This classic Turkish confectionary flavoured with rose water has been given a makeover to make it sugar-free, gluten-free, vegan and naturally coloured.
📖 Recipe
Sugar-free Turkish Delight
Yield:
10
Prep Time:
10 minutes
Cook Time:
10 minutes
Total Time:
20 minutes
A beautiful rose-scented treat made sugar-free, vegan and gluten-free.
Ingredients
- 800 ml water
- 80 g / ⅔ cup arrowroot powder or tapioca flour
- 4 tbsp agar powder
- 150 g / ¾ cup xylitol
- 1 tsp beetroot powder or juice, for colouring
- 1 ½ tbsp rose water
For dusting:
- 4 tbsp arrowroot powder
- 4 tbsp xylitol
Instructions
- Mix 100ml of the water with the arrowroot powder in a bowl and set aside for later. Line a small tin with parchment paper.
- Add the remaining 700ml of water to a large saucepan and sprinkle the agar powder on top. Bring to a medium heat and whisk in the xylitol. Allow the mixture to come to a boil and then reduce to a low simmer, whisking until the xylitol and agar have dissolved.
- Once dissolved, add the mixture to a blender and mix with the beetroot powder and the arrowroot mixture you made earlier. Blend until smooth and thick. Return to the saucepan.
- Bring back to a low-medium heat and stir gently until the mixture becomes very thick and stretchy. Remove from the heat and stir in the rose water until well combined.
- Transfer the mixture into the prepared tin and smooth it out evenly. Leave to cool and set in the fridge overnight.
- The next day, prepare an icing sugar by blending the arrowroot and xylitol together until it forms a fine powder. Warning: it will create a lot of dust! Alternatively, use a mixture of ordinary icing powder and arrowroot powder. The arrowroot powder is necessary to stop the Turkish delight from sticking or going soggy.

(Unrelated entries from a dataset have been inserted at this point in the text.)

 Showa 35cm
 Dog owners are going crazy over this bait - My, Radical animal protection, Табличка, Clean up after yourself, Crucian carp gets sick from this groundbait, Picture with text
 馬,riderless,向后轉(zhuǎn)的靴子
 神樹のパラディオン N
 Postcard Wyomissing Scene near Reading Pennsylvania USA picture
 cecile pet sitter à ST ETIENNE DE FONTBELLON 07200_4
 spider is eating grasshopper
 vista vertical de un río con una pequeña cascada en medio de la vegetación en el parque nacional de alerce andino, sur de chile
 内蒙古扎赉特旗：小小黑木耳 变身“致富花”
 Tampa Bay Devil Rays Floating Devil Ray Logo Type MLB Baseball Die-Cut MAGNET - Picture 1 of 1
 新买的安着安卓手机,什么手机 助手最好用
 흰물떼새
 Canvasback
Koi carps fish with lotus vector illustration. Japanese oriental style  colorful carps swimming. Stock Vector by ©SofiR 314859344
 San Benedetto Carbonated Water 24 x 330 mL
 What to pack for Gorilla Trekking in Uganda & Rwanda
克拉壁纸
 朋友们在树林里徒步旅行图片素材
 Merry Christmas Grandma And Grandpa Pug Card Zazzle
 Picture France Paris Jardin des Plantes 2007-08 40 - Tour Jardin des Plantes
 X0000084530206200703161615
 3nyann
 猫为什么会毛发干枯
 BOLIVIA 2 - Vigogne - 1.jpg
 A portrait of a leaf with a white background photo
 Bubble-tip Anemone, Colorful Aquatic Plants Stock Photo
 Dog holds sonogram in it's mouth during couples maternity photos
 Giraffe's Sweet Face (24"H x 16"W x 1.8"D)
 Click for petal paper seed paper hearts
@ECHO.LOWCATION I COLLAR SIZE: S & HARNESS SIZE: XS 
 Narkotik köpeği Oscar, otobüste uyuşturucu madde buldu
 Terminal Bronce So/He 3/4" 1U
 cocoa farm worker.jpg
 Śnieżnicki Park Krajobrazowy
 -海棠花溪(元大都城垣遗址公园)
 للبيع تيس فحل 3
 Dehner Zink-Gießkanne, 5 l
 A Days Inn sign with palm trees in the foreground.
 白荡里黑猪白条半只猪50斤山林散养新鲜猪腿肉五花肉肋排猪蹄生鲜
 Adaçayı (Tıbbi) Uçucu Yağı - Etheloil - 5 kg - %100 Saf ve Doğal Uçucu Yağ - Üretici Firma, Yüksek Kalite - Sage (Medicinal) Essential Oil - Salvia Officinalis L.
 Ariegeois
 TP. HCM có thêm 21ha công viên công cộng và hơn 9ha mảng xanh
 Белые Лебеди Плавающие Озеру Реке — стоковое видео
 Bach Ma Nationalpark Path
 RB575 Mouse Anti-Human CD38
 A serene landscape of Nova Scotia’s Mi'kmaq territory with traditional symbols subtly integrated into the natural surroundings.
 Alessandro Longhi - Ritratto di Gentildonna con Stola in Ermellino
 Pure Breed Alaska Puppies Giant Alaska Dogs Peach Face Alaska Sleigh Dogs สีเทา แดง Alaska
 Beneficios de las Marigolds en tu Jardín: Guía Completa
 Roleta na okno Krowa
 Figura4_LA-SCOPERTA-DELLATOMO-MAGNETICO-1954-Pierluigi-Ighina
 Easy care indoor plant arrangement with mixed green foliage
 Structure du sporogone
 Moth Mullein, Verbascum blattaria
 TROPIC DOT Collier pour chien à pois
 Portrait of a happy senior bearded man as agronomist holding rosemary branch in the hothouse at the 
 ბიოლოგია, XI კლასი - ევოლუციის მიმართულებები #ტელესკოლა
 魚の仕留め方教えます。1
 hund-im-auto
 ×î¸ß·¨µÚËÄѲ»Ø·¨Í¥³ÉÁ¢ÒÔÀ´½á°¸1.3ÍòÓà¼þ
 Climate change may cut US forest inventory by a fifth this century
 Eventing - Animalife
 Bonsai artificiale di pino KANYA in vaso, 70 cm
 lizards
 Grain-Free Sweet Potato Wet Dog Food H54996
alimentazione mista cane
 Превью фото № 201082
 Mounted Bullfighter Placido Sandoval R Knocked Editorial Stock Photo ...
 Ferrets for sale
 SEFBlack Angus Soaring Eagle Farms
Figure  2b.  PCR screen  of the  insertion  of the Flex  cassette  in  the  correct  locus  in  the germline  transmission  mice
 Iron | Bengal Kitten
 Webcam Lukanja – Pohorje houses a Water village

- Remove the Turkish delight from the fridge and cut into small squares. Coat in the powdered sugar and enjoy!
Notes
Xylitol is a natural low carb sweetener that can be found in most supermarkets or health food shops.
Pierre says
Sugar free??? Arrow root is 90% carbs and low fiber
Georgie says
Just made this recipe using Erythritol instead of xylitol but had to put in 340g as wasn’t sweet enough. Also used rose flavouring (45 drops). Whilst the rose flavour was ok it still wasn’t sweet enough and turned out too firm. It was firm just 2 hours after making without putting in the fridge. Does anyone know if I can melt it down and add more liquid? Should I put less agar powder in next time?
Chloe Willis says
I am wondering if I can substitute the agar powder with gelatine powder?
Tina says
I tried this for the first time but it has not completely set so cant cut into squares. Did I not cook for long enough? Please help!
Claire says
Do you think this could be frozen once made for storing larger quantities?